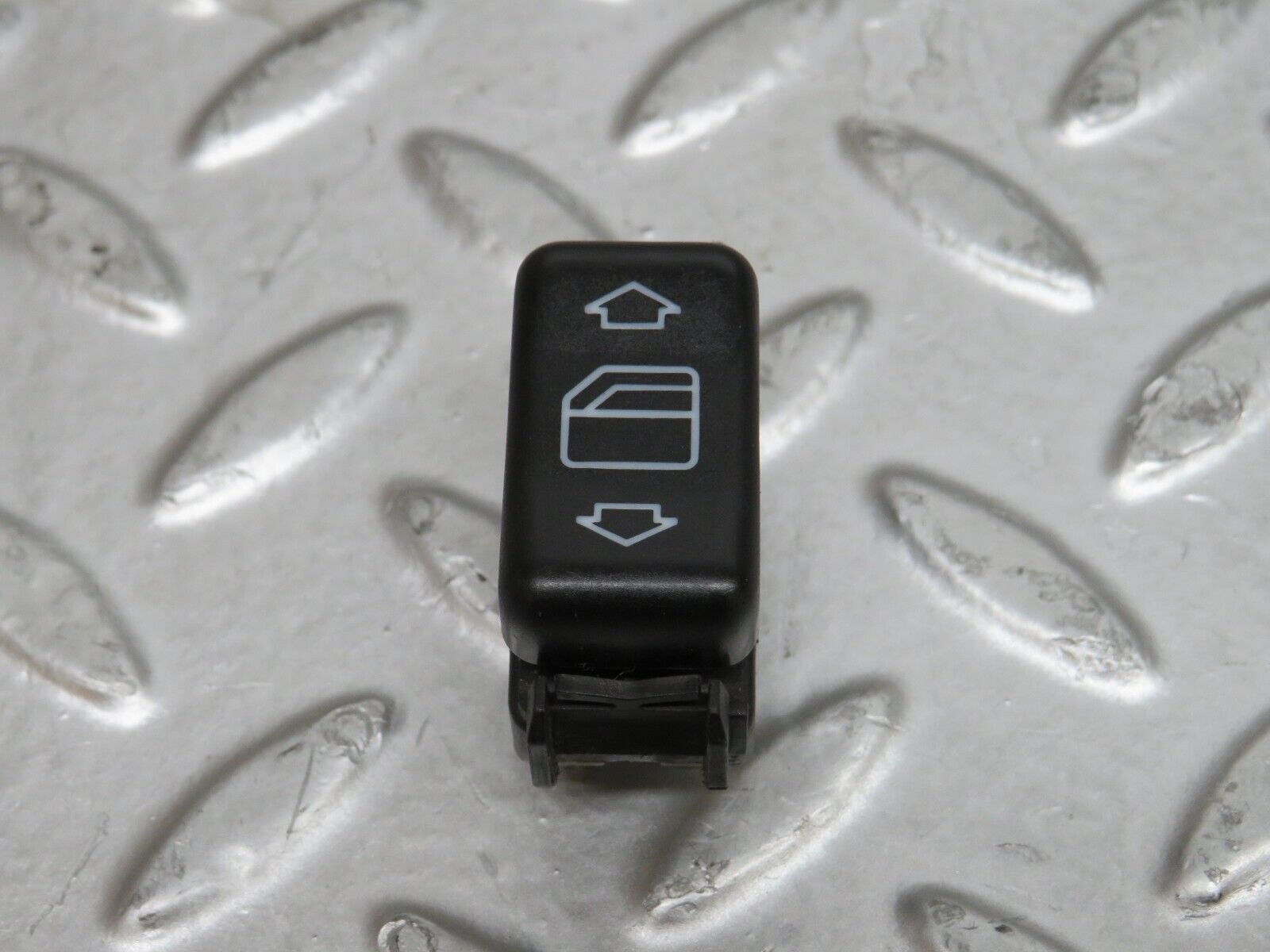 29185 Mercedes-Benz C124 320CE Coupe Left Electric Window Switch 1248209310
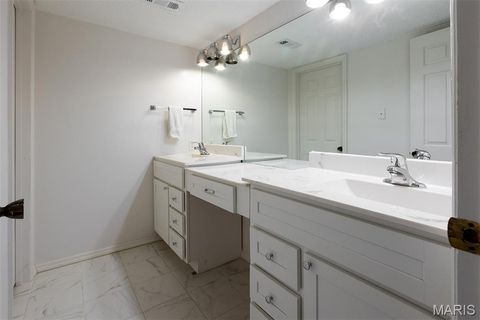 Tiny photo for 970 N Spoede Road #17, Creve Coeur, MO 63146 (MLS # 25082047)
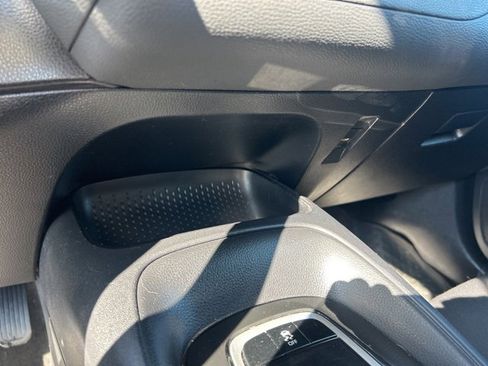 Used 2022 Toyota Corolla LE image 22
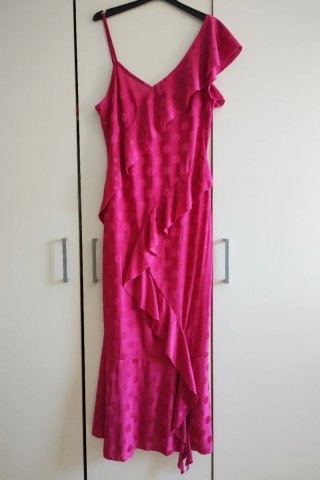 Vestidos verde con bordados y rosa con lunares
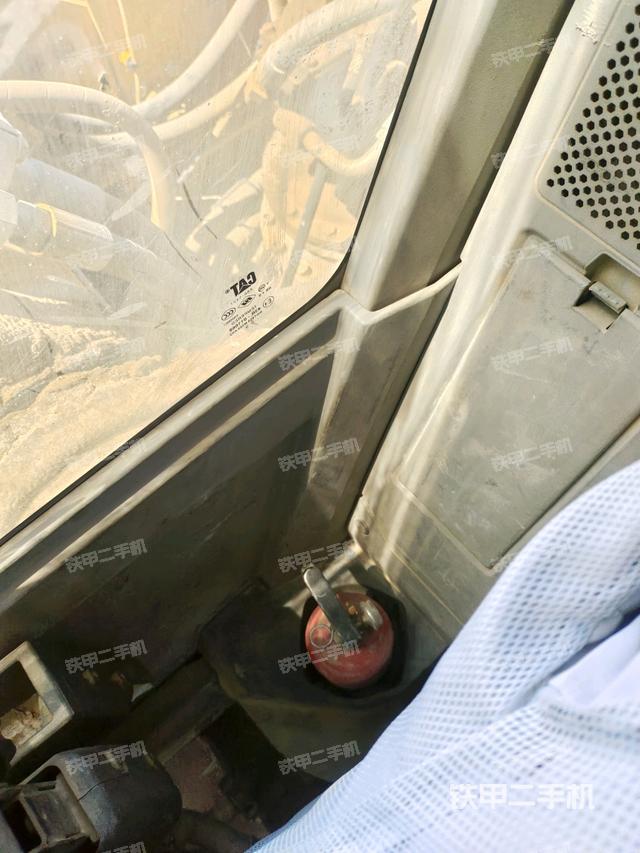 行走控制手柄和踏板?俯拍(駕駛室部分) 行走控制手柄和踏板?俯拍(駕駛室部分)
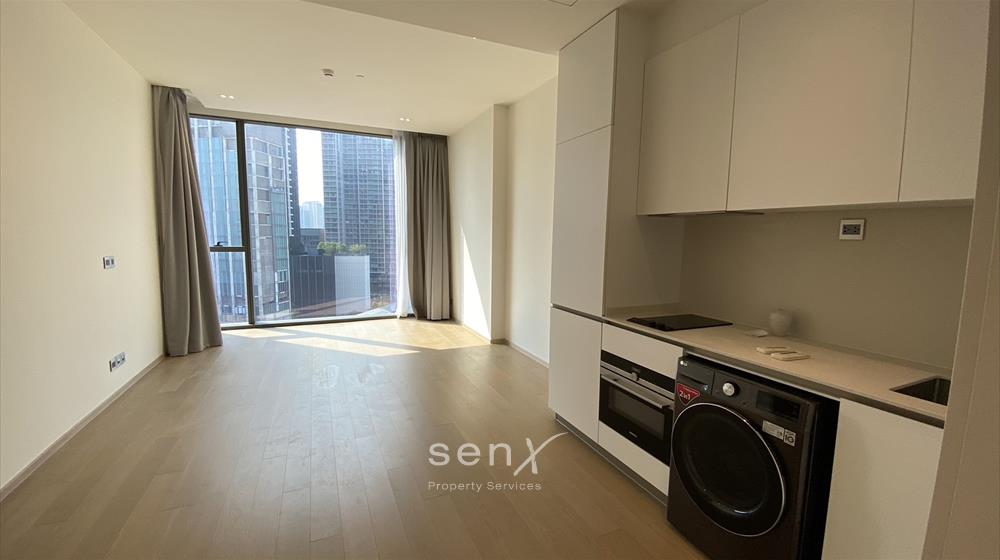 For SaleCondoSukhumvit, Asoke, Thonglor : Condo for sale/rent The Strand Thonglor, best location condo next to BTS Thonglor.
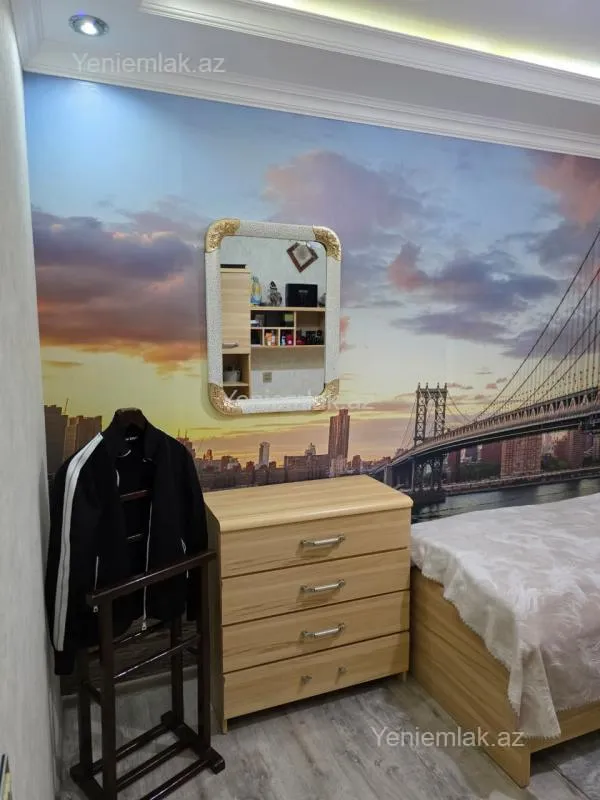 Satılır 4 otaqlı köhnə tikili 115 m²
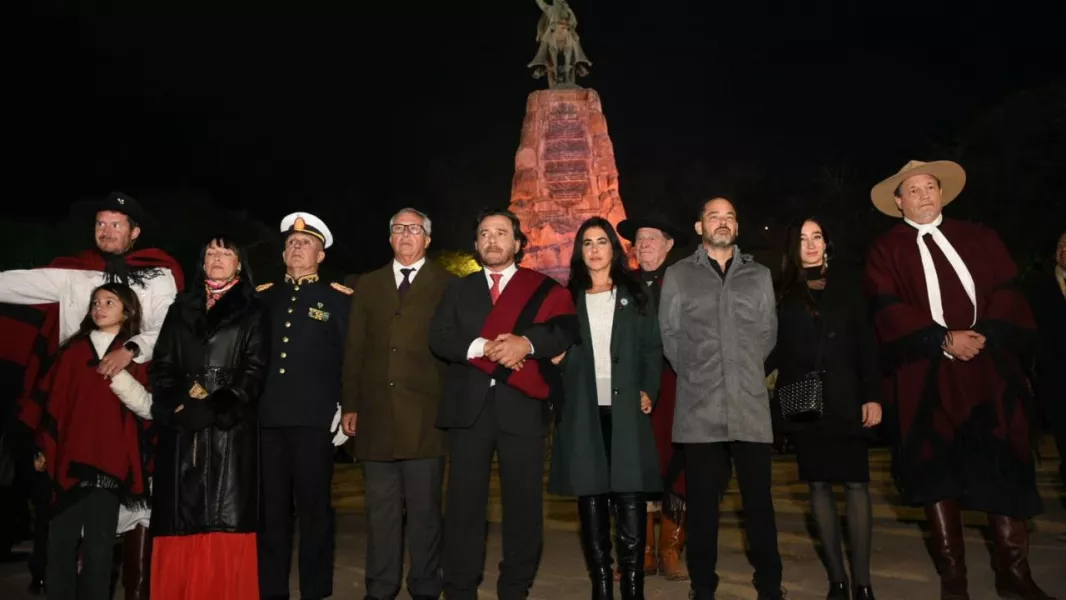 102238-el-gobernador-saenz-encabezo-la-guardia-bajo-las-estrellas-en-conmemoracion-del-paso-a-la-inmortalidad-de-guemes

· · · · · · ·

### Exercise details
Exact reproduction of the entries above is required, with pictures excluded.

### Final answer
 29185 Mercedes-Benz C124 320CE Coupe Left Electric Window Switch 1248209310
 Tiny photo for 970 N Spoede Road #17, Creve Coeur, MO 63146 (MLS # 25082047)
 Used 2022 Toyota Corolla LE image 22
 Vestidos verde con bordados y rosa con lunares
 行走控制手柄和踏板?俯拍(駕駛室部分) 行走控制手柄和踏板?俯拍(駕駛室部分)
 For SaleCondoSukhumvit, Asoke, Thonglor : Condo for sale/rent The Strand Thonglor, best location condo next to BTS Thonglor.
 Satılır 4 otaqlı köhnə tikili 115 m²
 102238-el-gobernador-saenz-encabezo-la-guardia-bajo-las-estrellas-en-conmemoracion-del-paso-a-la-inmortalidad-de-guemes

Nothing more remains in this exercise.